This legend recalls the Wandering Jew, who is known in Sicilian tradition under the name of Buttadeu (from buttari, to thrust away, and deu, God) or more commonly as "The Jew who repulsed Jesus Christ." He is reported to have appeared in Sicily, and the daughter of a certain Antonino Caseio, a peasant of Salaparuta, gives the following account of her father's encounter with Buttadeu:
LIX. THE STORY OF BUTTADEU.
IT WAS in the winter, and my good father was at Scalone, in the warehouse, warming himself at the fire, when he saw a man enter, dressed differently from the people of that region, with breeches striped in yellow, red, and black, and his cap the same way. My good father was frightened. "Oh!" he said, "what is this person?" "Do not be afraid," the man said. "I am called Buttadeu." "Oh!" said my father, "I have heard you mentioned. Be pleased to sit down a while and tell me something." "I cannot sit, for I am condemned by my God always to walk." And while he was speaking he was always walking up and down and had no rest. Then he said: "Listen. I am going away; I leave you, in memory of me, this, that you must say a credo at the right hand of our Lord, and five other credos at his left, and a salve regina to the Virgin, for the grief I suffer on account of her son. I salute you." "Farewell." "Farewell, my name is Buttadeu." [1]

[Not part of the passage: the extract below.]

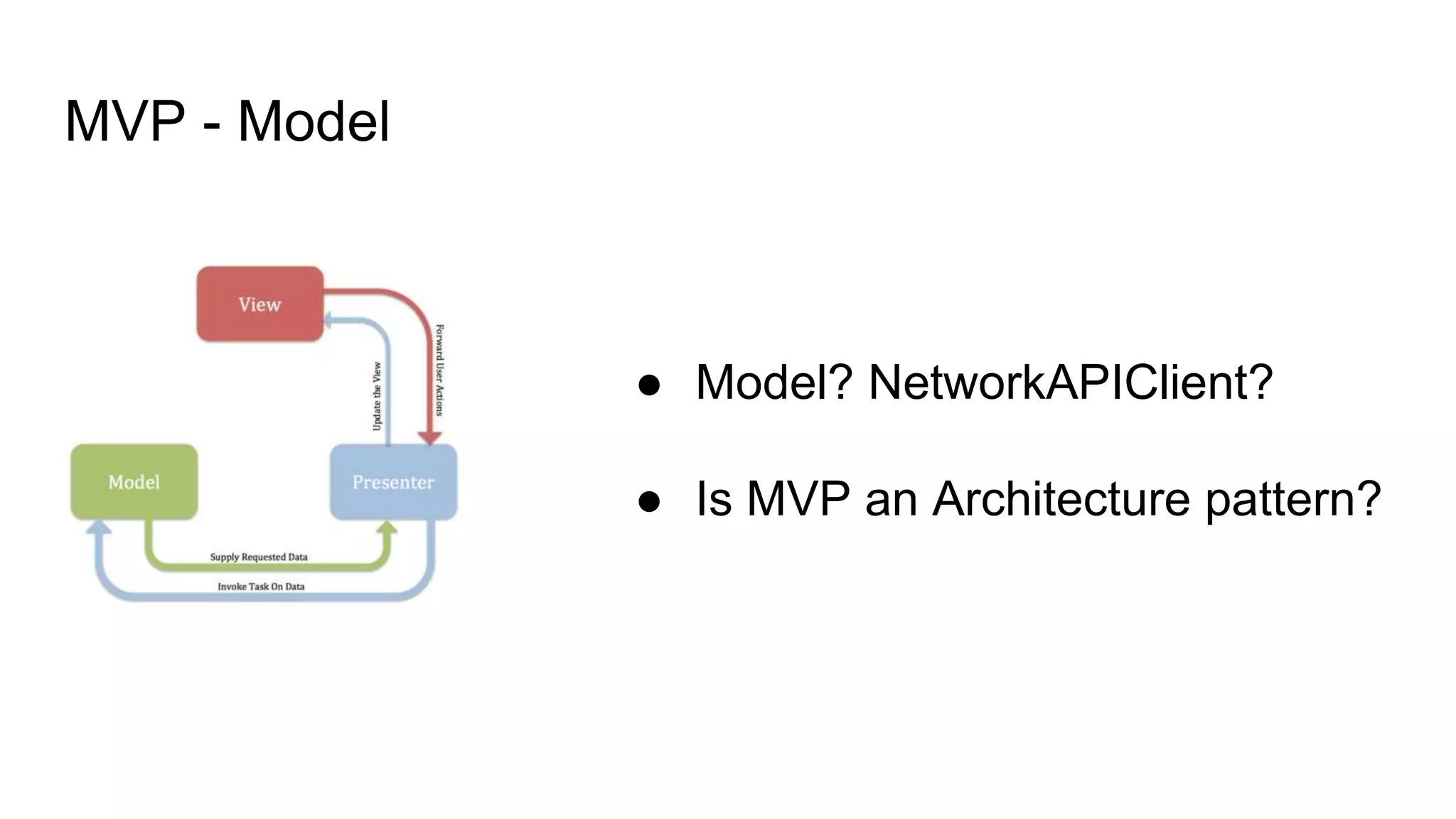 MVP - Model
● Model? NetworkAPIClient?
● Is MVP an Architecture pattern?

[1] Pitrè, I. p. cxxxiii. For earlier appearances of the Wandering Jew in Italian literature, see A. D'Ancona, La Leggenda dell' Ebreo errante, Nuova Antologia, serie II. vol. XXIII. 1880, p. 425; Romania, vol. X. p. 212, Le Juif errant en Italia au XIII^e siècle, G. Paris and A. D'Ancona; vol. XII. p. 112, Encore le Juif errant en Italie, A. D'Ancona, and Giornale Storico, vol. III. p. 231, R. Renier, where an Italian text of the XVIII. cent. is printed for the first time. The myth of the Wandering Jew can best be studied in the following recent works: G. Paris, Le Juif Errant, Extrait de l'Encyclopédie des Sciences Religieuses, Paris, 1880; Dr. L. Neubaur, Die Sage vom ewigen Juden, Leipzig, 1884; P. Cassel, Ahasverus, die Sage vom ewigen Juden, Berlin, 1885. The name Buttadeu (Buttadæus in the Latin texts of the XVII. cent.) has been explained in various ways. It is probably from the Ital. verb buttare, to thrust away, and dio, God.